Au sein du mouvement radical de gauche, parmi les universitaires de gauche et parmi les jeunes militants politiques en Allemagne (aussi en Europe du Nord-Ouest et dans de nombreux autres pays occidentaux) (*1), il existe une hostilité généralisée à l’égard de l’organisation - ou plutôt, l’organisation n’est pas considérée comme une nécessité. Nous voyons plutôt de nombreuses batailles menées séparément et de petits groupes séparés.

À notre avis, l’une des principales raisons de cette attitude hostile à l’égard de l’organisation chez les radicaux de gauche réside dans le fait que les connaissances sur la démocratie radicale et les formes d’organisation anti-autoritaires ont été largement perdues. Lorsqu’on parle de la construction d’organisations révolutionnaires, la plupart des gens associent cela à des structures cadres dogmatiques, à un leadership et à des concepts centralisateurs dans lesquels se reproduisent l’autorité, la hiérarchie, l’instrumentalisation, l’aliénation des membres et la bureaucratie (ce qui est rejeté à juste titre par les anti-autoritaires). Parmi les radicaux de gauche qui ont une attitude positive envers l’organisation, les débats et les tentatives d’organisation se rabattent presque exclusivement sur ces formes d’organisation autoritaires et centralisatrices.

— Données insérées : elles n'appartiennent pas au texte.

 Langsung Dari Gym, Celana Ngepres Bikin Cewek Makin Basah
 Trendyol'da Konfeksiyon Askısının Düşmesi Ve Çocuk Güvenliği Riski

Une autre cause est l’influence croissante des théories issues de la chute des mouvements socialistes, qui trouvent leur origine dans le rejet des théories marxistes orthodoxes ou qui naissent en réaction aux traditions marxistes (postmodernisme, poststructuralisme, post-marxisme, postanarchisme). (*2) Ces courants théoriques rejettent théoriquement la possibilité et la nécessité de la mobilisation des masses et de la lutte organisée et font plutôt appel à la micropolitique ou à la spontanéité des masses. Ces théories se sont imposées parmi les radicaux de gauche comme un discours général, ce qui rend la construction d’organisations révolutionnaires particulièrement difficile.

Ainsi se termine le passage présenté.